DATA RECORDS:
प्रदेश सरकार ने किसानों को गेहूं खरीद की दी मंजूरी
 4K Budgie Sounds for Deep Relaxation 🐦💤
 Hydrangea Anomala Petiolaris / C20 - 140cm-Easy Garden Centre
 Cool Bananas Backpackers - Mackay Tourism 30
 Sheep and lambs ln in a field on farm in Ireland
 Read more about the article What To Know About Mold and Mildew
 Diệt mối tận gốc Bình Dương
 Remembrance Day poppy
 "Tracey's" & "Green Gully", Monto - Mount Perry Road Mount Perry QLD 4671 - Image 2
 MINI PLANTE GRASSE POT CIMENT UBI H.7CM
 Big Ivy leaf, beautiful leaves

PROBLEM DESCRIPTION:
Look at the material above and copy, word for word, its lines from the first through the one containing "Sheep and lambs".

TASK SOLUTION:
प्रदेश सरकार ने किसानों को गेहूं खरीद की दी मंजूरी
 4K Budgie Sounds for Deep Relaxation 🐦💤
 Hydrangea Anomala Petiolaris / C20 - 140cm-Easy Garden Centre
 Cool Bananas Backpackers - Mackay Tourism 30
 Sheep and lambs ln in a field on farm in Ireland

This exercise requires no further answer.